The sexual harassment the female has to suffer in public places is a ubiquitous menace in the so called God’s Own Country (the general picture of India may not be qualitatively different) and I wonder why the men-folk who indulge in such abominable practice are not ashamed of their indecent behaviour.

It seems our culture is basically misogynistic. Our religions, our upbringing, our education, our print and visual media relentlessly inculcate misogyny in children and male chauvinism thrives in almost all fields of life and, as a result, the female has to suffer the ubiquitous menace of sexual harassment.

To fix what the real problem is, let me borrow the French feminist Simone de Beauvoir’s words from The Second Sex, first published in 1949: “Humanity is male and man defines woman not in herself but as relative to him; she is not regarded as an autonomous being. Man can think of himself without woman. She can’t think of herself without man. And she is simply what man decrees; thus she is called ‘the sex’ by which is meant that she appears essentially to the male as a sexual being. For him she is sex—absolute sex, no less.”

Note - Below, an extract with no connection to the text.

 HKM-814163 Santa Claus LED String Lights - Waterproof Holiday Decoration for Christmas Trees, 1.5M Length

One of the many manifestations of the working of this ‘absolute sex’ culture was witnessed by me recently. I have been assigned the duty of distribution and reception of election materials in the recently concluded local body elections in Kerala (December 2020). The ‘distribution and collection’ centre I have been asked to report at 7 am on the distribution day was a Higher Secondary school and there is a spacious ground in front of the school. I reached the school at 6.55 am and there was nobody there. Generally when asked to come at 8 am, people reach at 9 am. Hence the time was shown as 7 am to make the people reach at 8 am. And I had to waste a full hour standing in front of the school! I had nothing to do and I whiled away time by observingthe activities in the ground. There were many people—middle aged men were seen walking; little boys were seen playing football and young men were seen running and doing other exercises. Not even a single little girl, or young lady or middle aged woman was seen playing or exercising or running or walking! In Kerala the population of the females is more than that of the males and yet the female is totally invisible in the public places—whether it is the playgrounds or beaches or clubs or village roadsides. In the evenings, we see young men whiling away time sitting on the culverts on the side of village roads and little boys playing on the village grounds. But the female is missing everywhere.

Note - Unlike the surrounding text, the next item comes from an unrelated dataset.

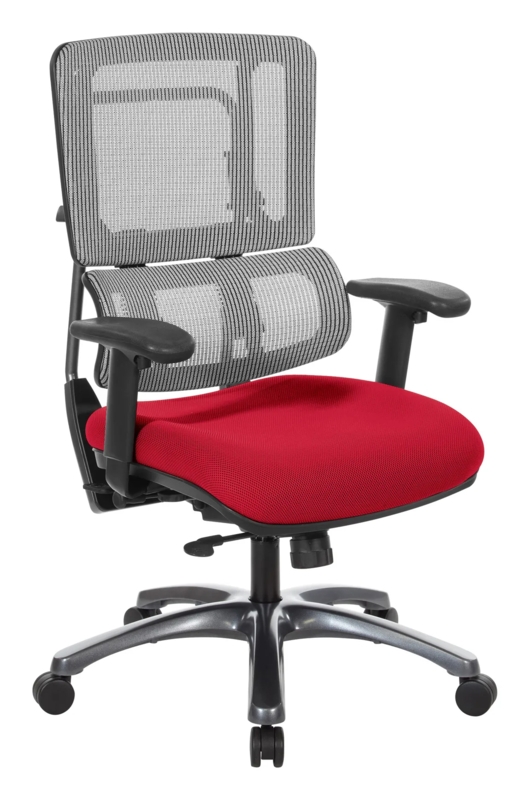 Minimalist Armless Task Chair in Lime Green Mesh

Our culture meticulously excludes the female from all freedoms the males are privileged to have, and hence the female appears in the public sphere only when the necessity pulls her out and on such occasions the males harass them in umpteen ways and reinforces in her mind that she is sex—absolute sex, no less!

To live in this male chauvinist world is really terrible and harrowing not only for the female but for the male who sees the female as an individual too. The name of the chapter which deals with the gender issue in Howard Zinn’s A People’s History of the United States is “The Intimately Oppressed” (Chapter 6) in which Zinn quotes from the Declaration of Principles signed by 68 women and 32 men at the first Women’s Rights Convention held on 19th and 20th of July, 1840: “The history of mankind is a history of repeated injuries and usurpations on the part of man toward woman, having in direct object the establishment of an absolute tyranny over her.”

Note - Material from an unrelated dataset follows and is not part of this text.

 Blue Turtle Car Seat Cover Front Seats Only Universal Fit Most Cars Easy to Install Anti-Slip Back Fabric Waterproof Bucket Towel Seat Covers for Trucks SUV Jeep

All around us, even today, even when we claim we are the most educated and the most progressive, we see the female is subjected to repeated injuries and the tyranny of the male over the female is still intact. As long as women continue to be harassed in public and private spheres, the humans can’t claim themselves to be educated or civilised. As Sarah Grimke, one of the pioneering women’s rights activists, wrote in 1830, “...it is perfectly clear that whatsoever it is morally right for a man to do, it is morally right for a woman to do.”

It is high time we Indians realised this truth and treated the female as an individual just like the male is, with all the feelings the male is having; and deserving all the dignity, respect and status the male is entitled to have.